OVERVIEW
Production during the third quarter of 2021 averaged 123,454 BOE/day, an increase of 7% compared to average production of 115,351 BOE/day in the second quarter of 2021, with crude oil and natural gas liquids production increasing by 10% over the same period. The increase in production was due to 10 net operated wells coming onstream in North Dakota during the third quarter of 2021 as well as a full quarter of production from the Dunn County assets acquired on April 30, 2021. The Bruin assets acquired on March 10, 2021 also contributed meaningful production during the third quarter of 2021.
On August 30, 2021, Enerplus announced that it had entered into a definitive agreement to sell its interests in the Sleeping Giant field in Montana and the Russian Creek area in North Dakota in the Williston Basin (the “Sleeping Giant/Russian Creek Divestment”) for total cash consideration of US$115 million, subject to customary purchase price adjustments. In addition, Enerplus may receive up to US$5 million in contingent consideration if the WTI oil price averages over US$65/bbl in 2022 and US$60/bbl in 2023. The production associated with the working interest in these properties was approximately 3,000 BOE/day (76% tight oil, 1% natural gas liquids, and 23% natural gas). This disposition closed on November 2, 2021.
Including the impact of the Sleeping Giant/Russian Creek Divestment, we are revising our average annual production guidance for 2021 to 113,750 to 114,750 BOE/day, including 69,750 to 70,750 bbls/day in crude oil and natural gas liquids from 112,000 to 115,000 BOE/day, and 69,500 to 71,500 bbls/day in crude oil and natural gas liquids. For the fourth quarter of 2021, we expect average production of 124,500 to 128,500 BOE/day, including crude oil and natural gas liquids production of 80,000 to 83,000 bbls/day.
Capital spending during the third quarter of 2021 totaled $80.2 million, compared to $129.9 million during the second quarter of 2021, with the majority of the spending focused on our U.S. crude oil properties. The decrease in capital spending was due to less completions activity during the third quarter of 2021. We are revising our annual capital spending guidance for 2021 to $380 million, from a range of between $360 to $400 million.
Our realized Bakken crude oil price differential narrowed to average US$2.09/bbl below WTI during the third quarter of 2021 compared to US$2.76/bbl below WTI during the second quarter of 2021. Bakken differentials in North Dakota were supported by increased demand in the U.S. Midwest, as well as excess pipeline capacity within the basin. As a result of strong year to date realizations, we are narrowing our average annual Bakken crude oil price differential guidance to average US$2.00/bbl below WTI from US$2.35/bbl below WTI for 2021.

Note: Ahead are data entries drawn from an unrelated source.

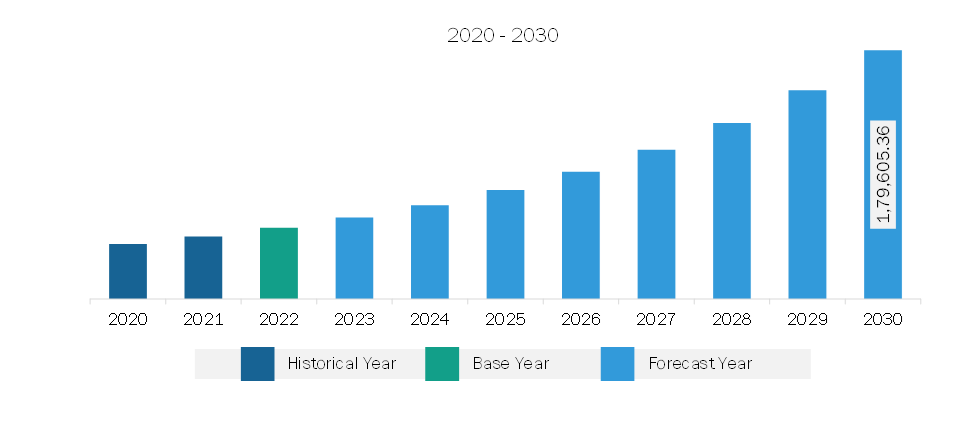 North America Cold Storage Market Revenue and Forecast to 2030 (US$ Million)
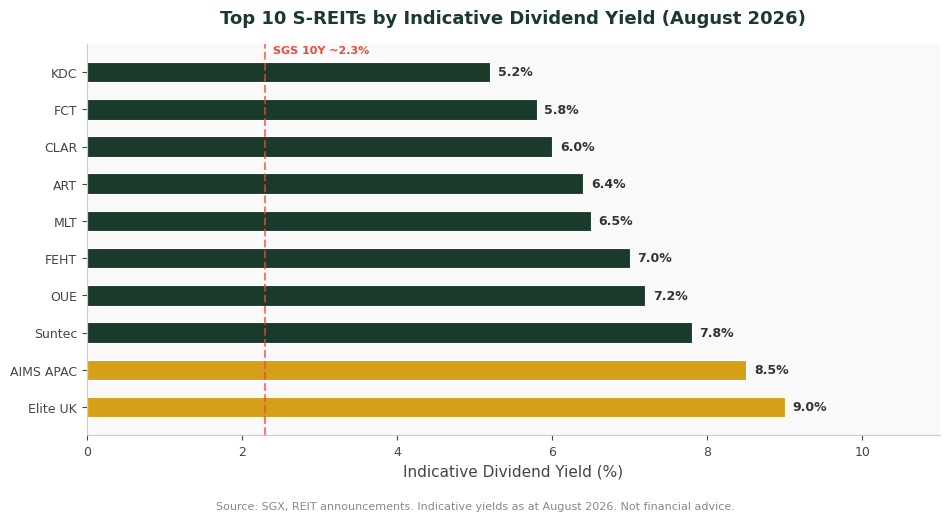 Top 10 S-REITs by dividend yield August 2026 — The Kopi Notes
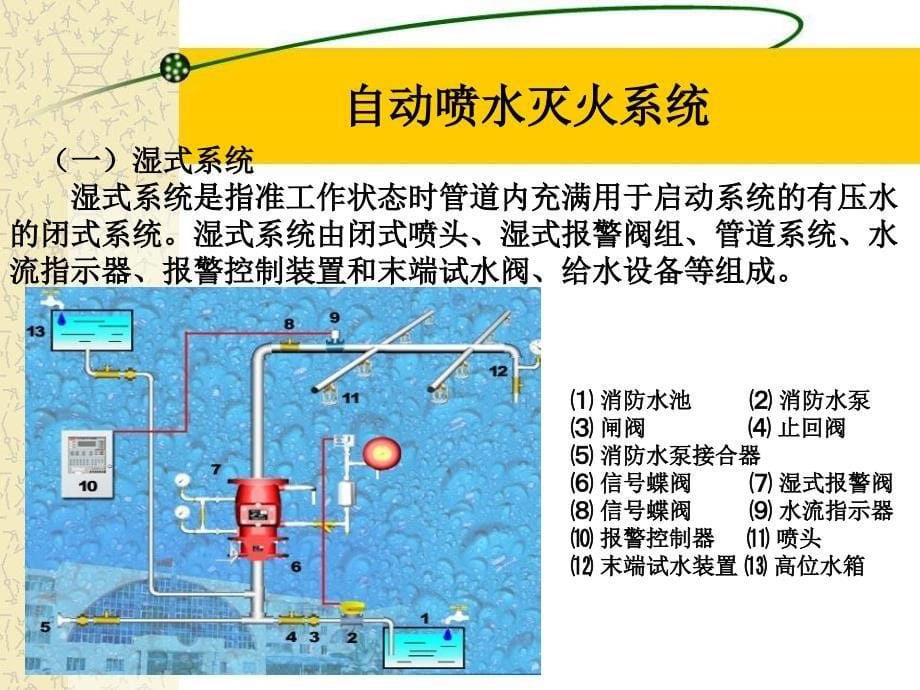 建筑消防设施自动喷水灭火系统_第5页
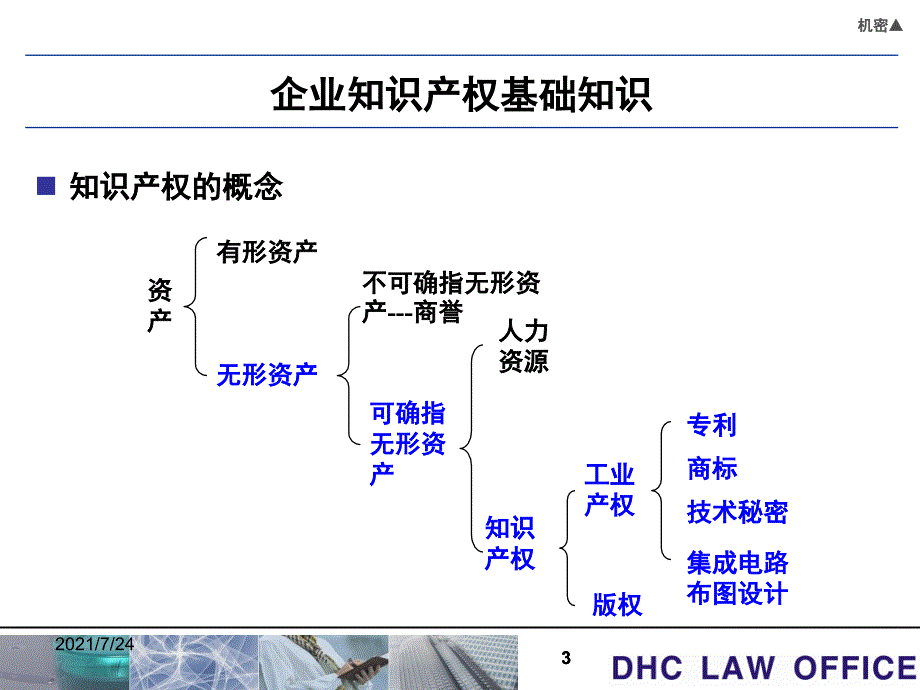 知识产权培训经典版PPT课件_第3页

Our realized Marcellus natural gas price differential narrowed to average US$0.45/Mcf below NYMEX in the third quarter of 2021, compared to US$0.89/Mcf below NYMEX during the second quarter of 2021, due to increased demand and low storage levels in both the U.S. and Europe. As a result of ongoing strength in pricing, we are narrowing our annual average Marcellus natural gas price differential to average US$0.55/Mcf below NYMEX from US$0.65/Mcf below NYMEX for 2021.
Operating expenses for the third quarter of 2021 increased to $112.3 million or $9.89/BOE, compared to $88.5 million or $8.43/BOE, during the second quarter of 2021. The increase was primarily due to a temporary increase in well service activity and higher water handling charges as a result of contracts with price escalators linked to WTI crude oil prices. Operating expenses in the fourth quarter of 2021 are expected to average $8.80/BOE as workover activity is expected to return to normalized levels. As a result of higher operating expenses to date, we are increasing our annual operating expense guidance to $8.80/BOE from $8.25/BOE for 2021.
We reported net income of $112.0 million in the third quarter of 2021 compared to a net loss of $59.7 million in the second quarter of 2021. The increase in net income recognized in the third quarter of 2021 was primarily due to higher crude oil and natural gas liquids revenue as a result of higher production, higher realized prices, and a decrease in commodity derivative instrument losses compared to the second quarter of 2021.
In the third quarter of 2021 cash flow from operating activities and adjusted funds flow increased to $226.6 million and $255.7 million, respectively, compared to $136.9 million and $184.3 million in the second quarter of 2021, primarily due to higher realized prices and production.
During the quarter, we received a $5.7 million distribution associated with a privately held investment. This was reflected as an investing activity in the Condensed Consolidated Statements of Cash Flows.
At September 30, 2021, total debt net of cash was $1,047.7 million, comprised of senior notes, the sustainability linked bank credit facility (“Bank Credit Facility” or “SLL Credit Facility”) and the term loan totaling $1,101.8 million, less cash on hand of $54.1 million. Our net debt to adjusted funds flow ratio decreased to 1.6x from 2.3x in the second quarter of 2021, excluding the trailing adjusted funds flow associated with the Bruin and Dunn County acquisitions.